Throughout his adventures, Benjamin's life interconnects with Daisy, also played by other actresses until Blanchett takes over
as a grown-up, until he falls in love with a British diplomat's wife at a small Russian hotel, where he is boarding while working
as a tugboat crew member.  Though Benjamin appears much older than she is, Elizabeth Abbott, played by Tilda Swinton,
and plagued by a loveless marriage, somehow falls for him and engages him in his first affair, not realizing that he is barely
out of his teens.

Such is the film, which transports us over an almost ninety year span, and does so in an intelligent and not overly sentimental manner.  This, even as Benjamin returns to New Orleans and is pursued by a man who eventually reveals that he is his biological father, Thomas Button.  Jason Flemyng, performing the role skillfully and ever contrite, tries to win his son back
and begs his forgiveness for placing him on the senior home stairway so many years prior.

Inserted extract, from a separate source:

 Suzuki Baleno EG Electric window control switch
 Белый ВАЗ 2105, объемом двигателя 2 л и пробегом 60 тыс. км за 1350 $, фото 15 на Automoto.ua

And thus do Brad Pitt and Cate Blanchett convincingly take us on this bittersweet journey as each heads towards a time
when they will eventually meet physically in sync.  What follows is the ultimate fulfillment of their love and the reality that
awaits them both.

Both Pitt and Blanchett have impressed film audiences taking on roles glamorous or not that demonstrate a range beyond
that of a typical movie star -- especially Pitt, who probably doesn't have to do so in order to keep on working.  It's to their
credit that they give us such fine personas to hold our attention and our concern in a film over two and a half-hours long.
The Curious Case of Benjamin Button is not a perfect movie, but it's one of this year's best.